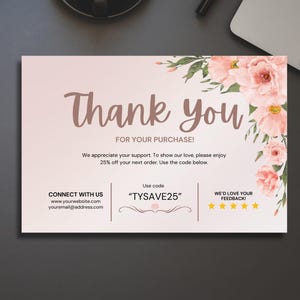 Modelo de cartão de desconto de agradecimento, cartão de agradecimento, modelo de cartão de visita para impressão, cartão de visita faça você mesmo, cartão editável, modelo Canva, digital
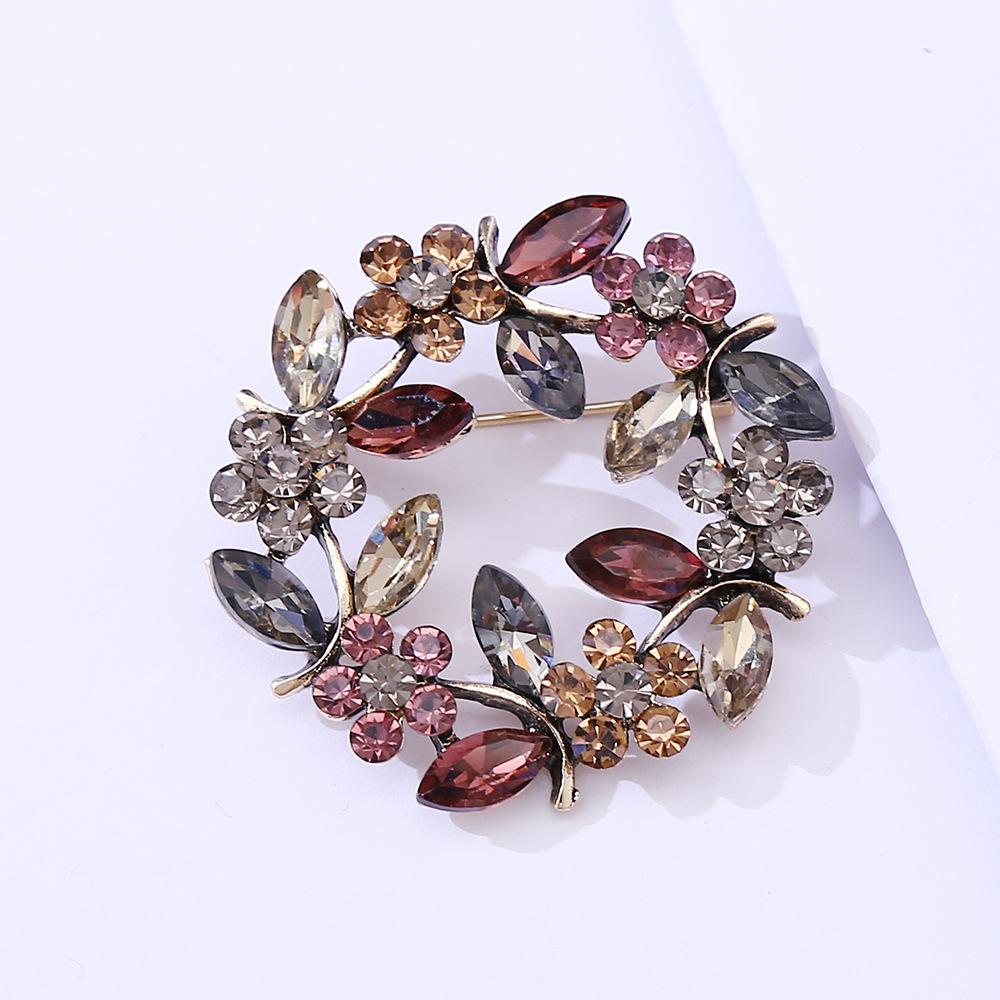 Wreath Crystal Brooch Korean Crystal Diamond Olive Branch Breast Wreath Clothing Accessories 2026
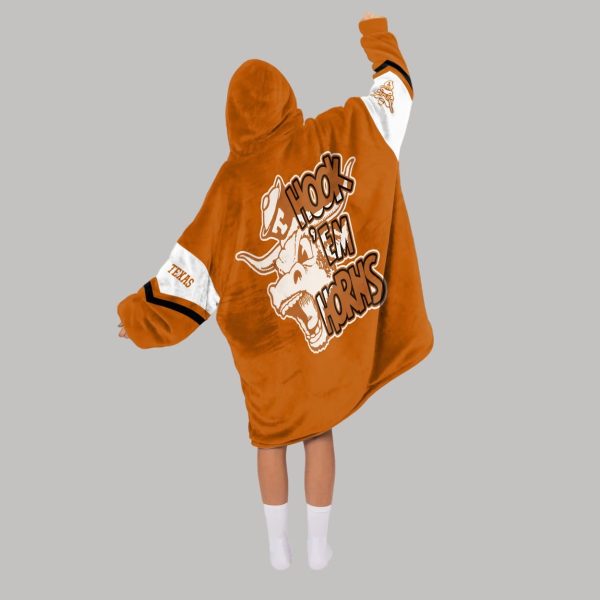 Longhorns Hook 'Em Horns Unisex Blanket Hoodie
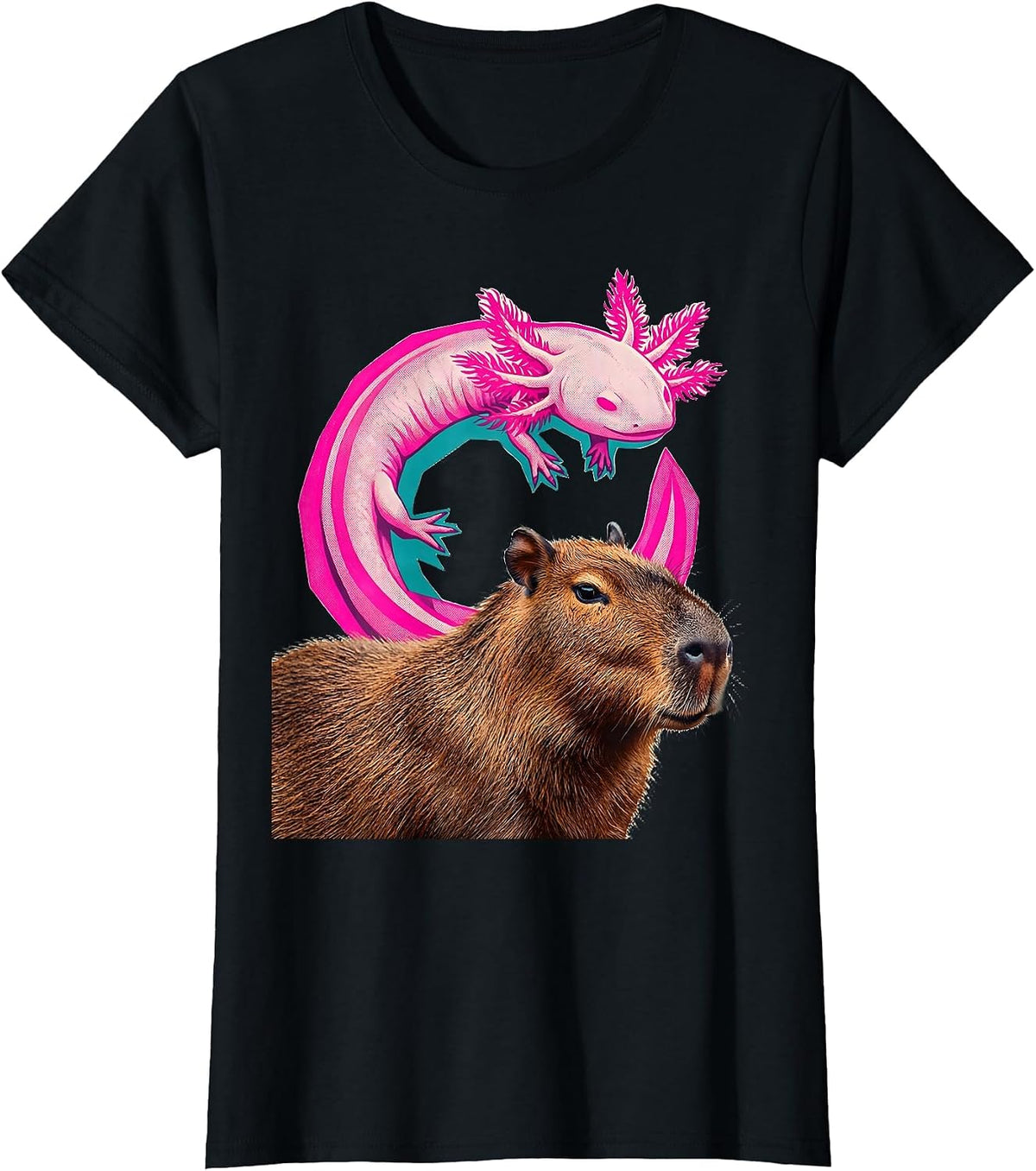 Women's Capybara Axolotl Kawaii Animal Lover Kids Gift T-Shirt - Black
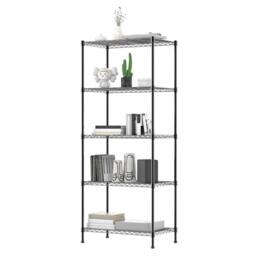 Kelvenix 5 Tiers Metal Steel Storage Rack Shelving in Black - Size: 10000mm x 520mm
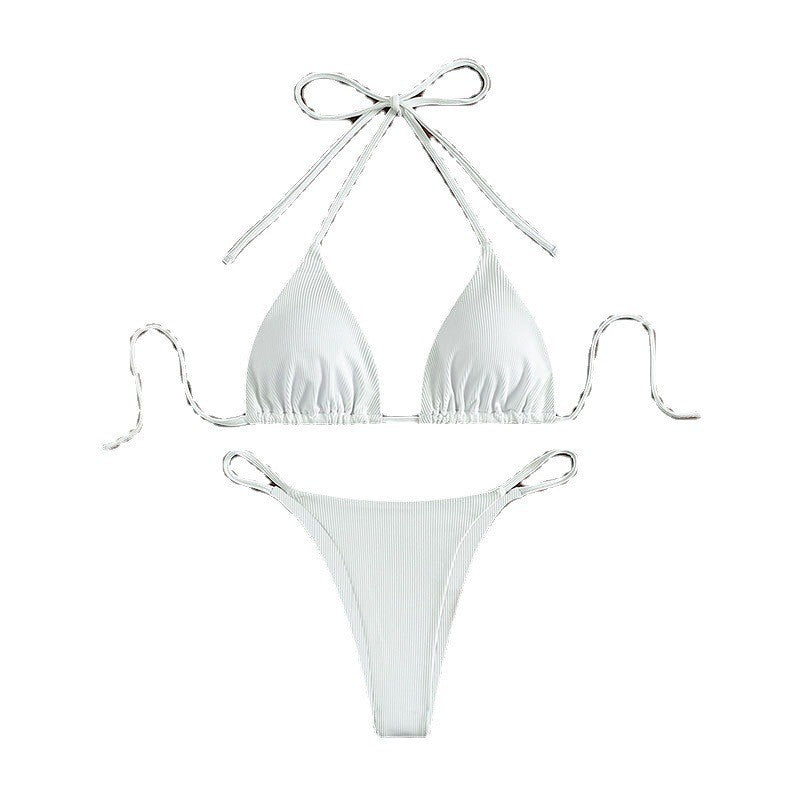 Damen Triangel-Bikini mit verstellbaren Bändern und rippierter Textur R&B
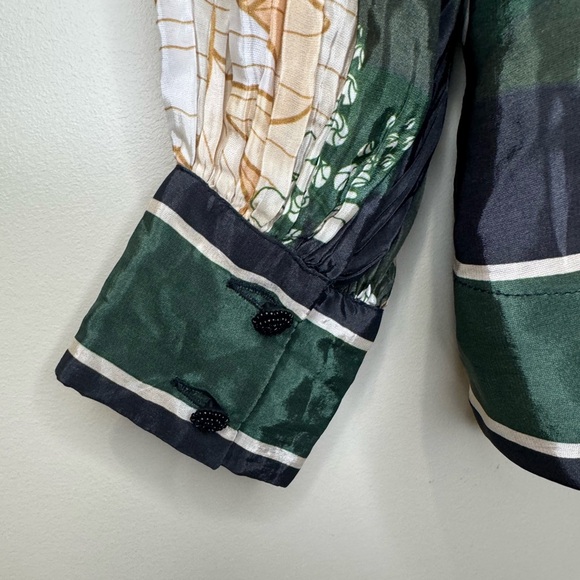 Farm Rio Long-Sleeve Silky Wrap Top | Small - Picture 6 of 11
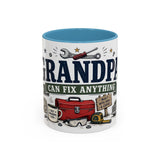 Grandpa Can Fix Anything Coffee Mug — Funny Gift From Grandkids — Accent Ceramic 11oz 15oz — Front view — Photo 9
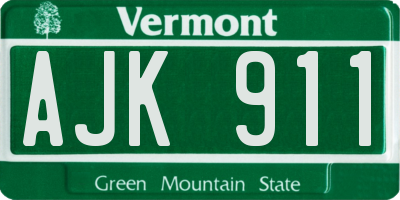 VT license plate AJK911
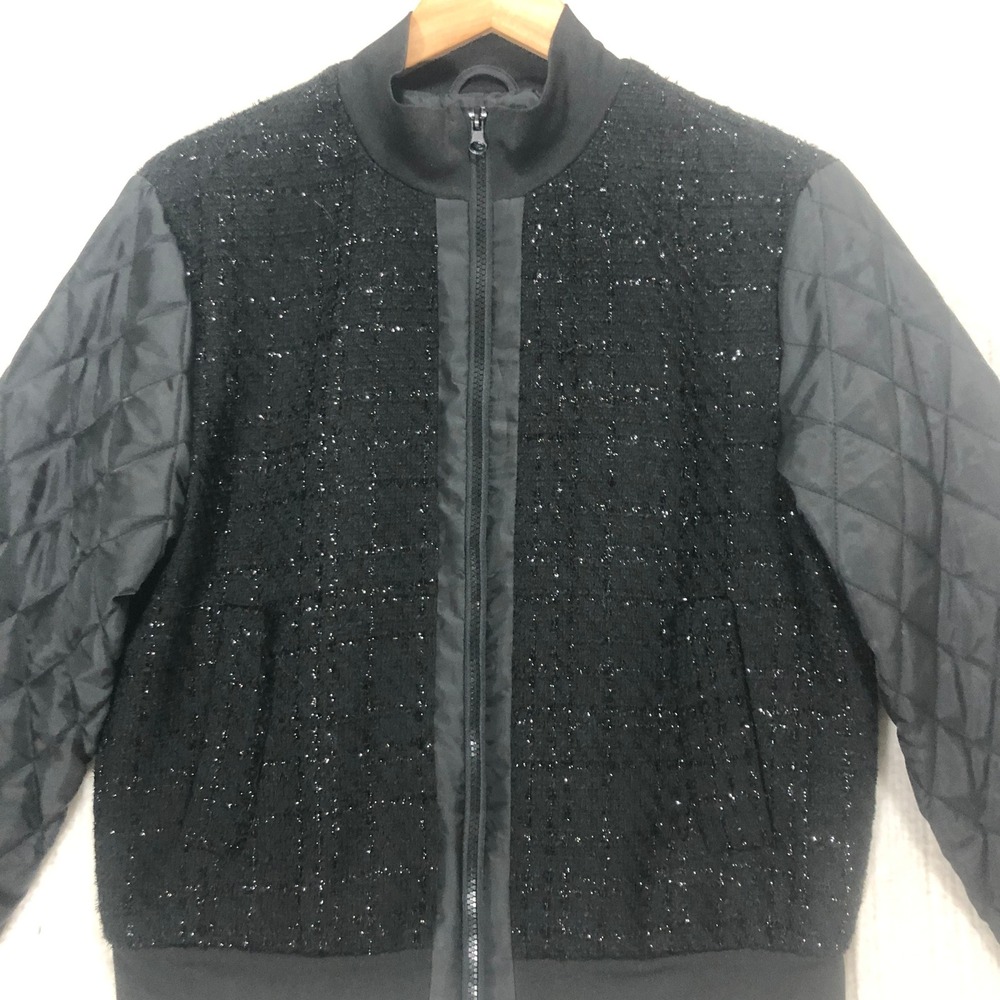 Venus Black Tweed Quilted Bomber Jacket Sparkle Embellished Zip Up Style
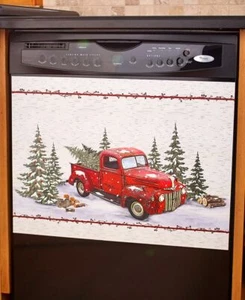 Red Truck Dishwasher Magnet Cover Woods Logs Pickup Evergreen Snow Winter Magnet - Picture 1 of 1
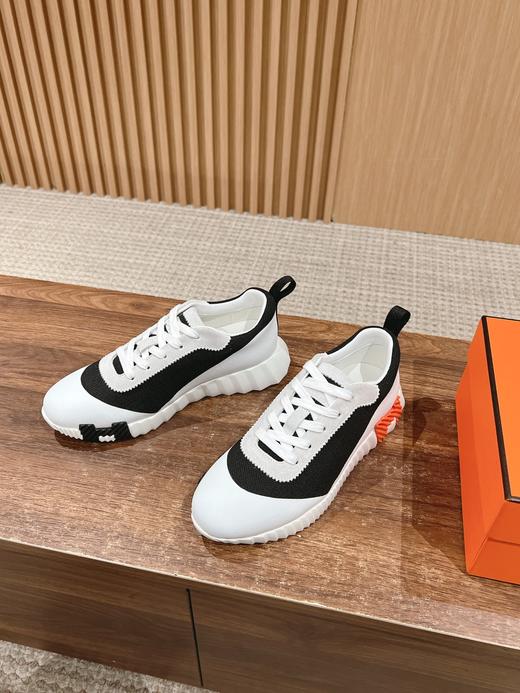 爱马仕情侣款休闲鞋 麂皮搭拼接网布运动鞋 男女同款（ZX*DBG) 商品图5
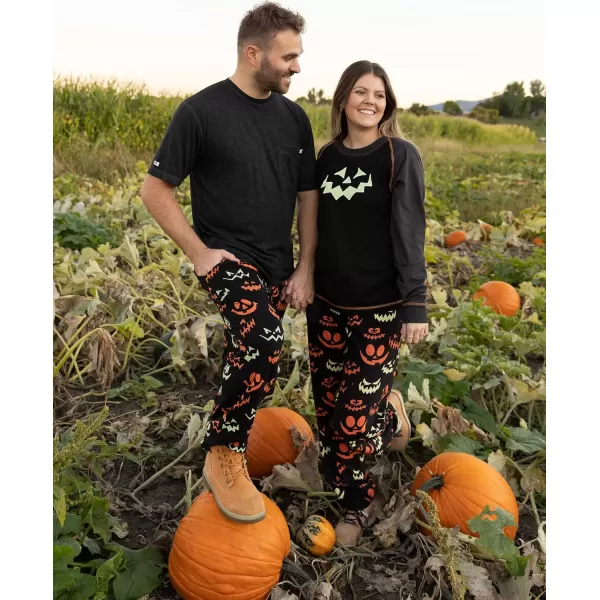 Lazy One Matching Holiday Pajamas for Family Holiday Pajama Sets for Adults Teens Kids Baby and DogSpooky Faces Pajama Sets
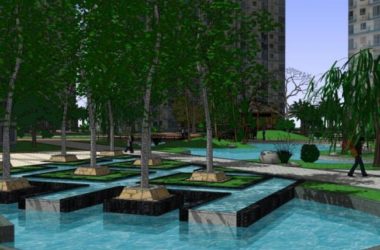 Sketchup景观模型|小区景观，住宅景观，现代风格-BIM建筑网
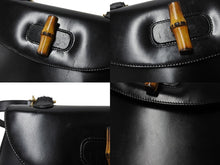 画像をギャラリービューアに読み込む, GUCCI グッチ バンブー 2WAY ハンドバッグ 000 2684 0633 レザー ブラック ゴールド金具 ウッド ショルダー 鞄 美品 中古 4b003464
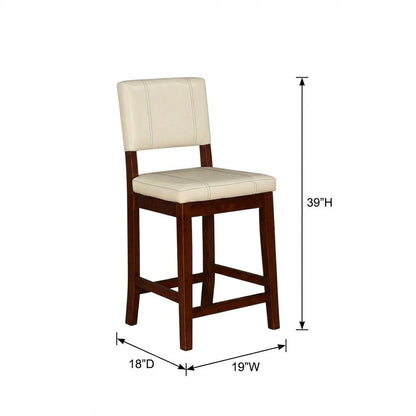 Cream Counter Stool with Rubberwood Frame and Padded Seat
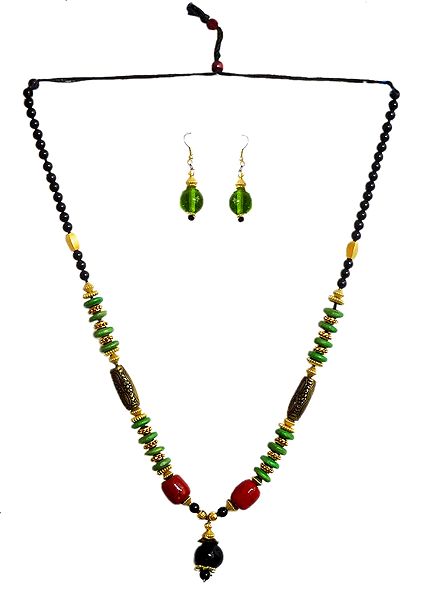 Wheel Bead Necklace with Earrings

○ ○ ○

What you are asked to do
Your copy should hold exactly the lines from the one with "爱马仕情侣款休闲鞋 麂皮搭拼接网布运动鞋 男女同款（ZX*DBG) 商品图5" through the final line of the records, both ends included, and no pictures.

Task response
 爱马仕情侣款休闲鞋 麂皮搭拼接网布运动鞋 男女同款（ZX*DBG) 商品图5
 Lazy One Matching Holiday Pajamas for Family Holiday Pajama Sets for Adults Teens Kids Baby and DogSpooky Faces Pajama Sets
 Sketchup景观模型|小区景观，住宅景观，现代风格-BIM建筑网
 画像をギャラリービューアに読み込む, GUCCI グッチ バンブー 2WAY ハンドバッグ 000 2684 0633 レザー ブラック ゴールド金具 ウッド ショルダー 鞄 美品 中古 4b003464
 Cream Counter Stool with Rubberwood Frame and Padded Seat
 Wheel Bead Necklace with Earrings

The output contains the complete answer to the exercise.